So - whether or not its "normal" - he certainly isn't the only one.


----------



## LoriC

My Husband has no friends either. The only friends he has are our mutual couple friends. And he has lived here his whole life. He doesn't seem to be at all bothered by this. I used to be bothered that he didn't go out with any guy friends because I always have had friends to go out with. After 22 years I'm over it. 

I don't think you should be too worried. Be happy that he wants to be with you and the family. I am able to appreciate this now.


----------



## jaquen

Friendship is imperative and of extreme importance to my wife and I. I have a lot of friends, far more than my wife, and almost none of them are mutual friends. Where I live, what I do for a career, almost every single man I know has multiple real, true friends. There is not a single man that is close to me who is friendless.

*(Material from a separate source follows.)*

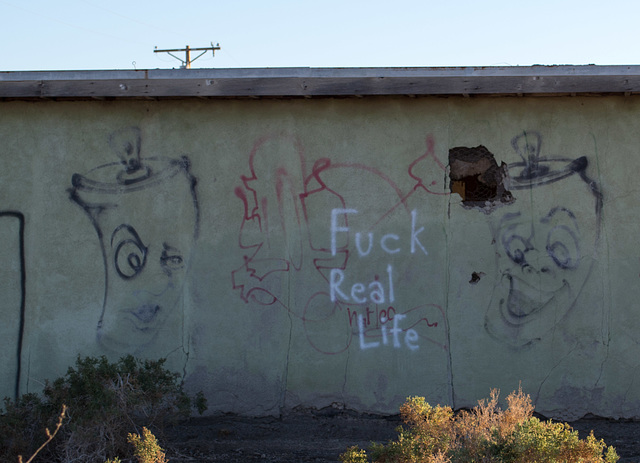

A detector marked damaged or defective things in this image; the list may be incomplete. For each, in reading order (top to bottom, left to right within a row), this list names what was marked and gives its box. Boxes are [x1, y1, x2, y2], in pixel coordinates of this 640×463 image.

damaged stucco [0, 93, 636, 420]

Having said that TAM has taught me that LOTS of men, especially married men, don't have friends. It both blows and boggles my mind. I find the thought absolutely horrendous. We are built to be social creatures, and same sex socialization is historically an enormous part of human interaction and development. It still is in a lot of parts of the world. But as the West has become less community driven, and more romance/marriage and heterosocially focused, male friendships among married men are falling by the wayside I've discovered. A lot of men are being socialized to believe that hanging out and spending time with your friends is something you do before marriage, and that after marriage your life should be solely about your spouse, kids and career. 

You might want to check out this thread:

http://talkaboutmarriage.com/general-relationship-discussion/60910-i-miss-my-friends.html

Also keep in mind that is can be very difficult for men to make new friends as they get older. There are actually quite a few books, blogs, and videos on the market designed to help grown men feel comfortable making new friends with other men. For some men the anxiety, and awkwardness, of forming new, strong bonds with other men is just as difficult, and in a lot cases more difficult, than trying to start a relationship with a woman!


----------



## sparkyjim

Men are not as sociable as women. Women pal up, get chummy, hug, talk about their feelings, go shopping together.

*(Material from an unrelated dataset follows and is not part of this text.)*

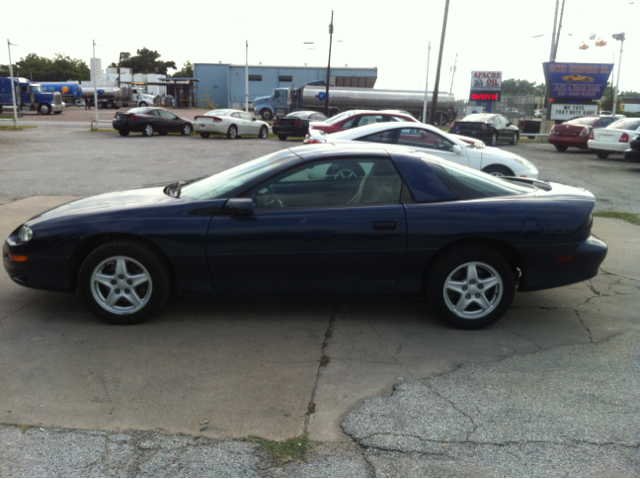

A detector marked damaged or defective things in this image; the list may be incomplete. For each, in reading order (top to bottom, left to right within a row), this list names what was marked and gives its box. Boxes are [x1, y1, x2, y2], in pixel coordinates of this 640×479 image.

cracked pavement [1, 126, 640, 476]
pavement crack [304, 300, 340, 436] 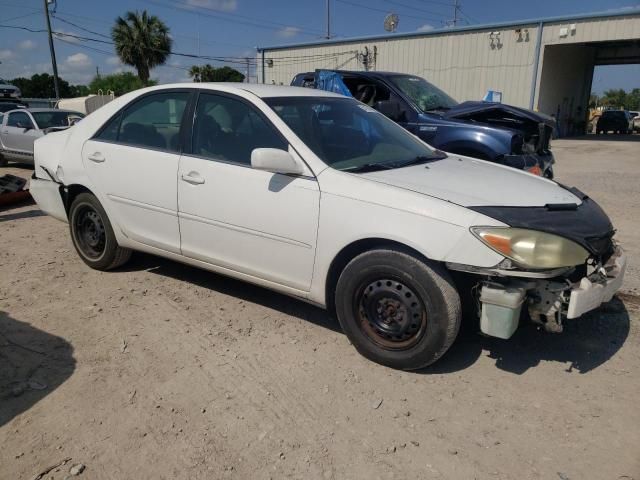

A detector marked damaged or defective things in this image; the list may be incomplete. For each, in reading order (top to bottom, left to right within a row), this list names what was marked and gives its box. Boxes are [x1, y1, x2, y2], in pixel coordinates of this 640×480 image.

Men need an excuse to hang out. We hunt, we bowl, we play softball. We don't have book clubs where we talk about how the book made us feel.

I have a few friends. I play softball with them, play music, coach soccer. All of these relationships are superficial. We are not going to talk much about how we feel about things. Just not going to happen.

Besides, there are always too many things to do at home. Kids have to be carted around. Lawns need mowing. The wife is at home and it's late and she's soft and warm, and "I gotta go now guys. See you next game."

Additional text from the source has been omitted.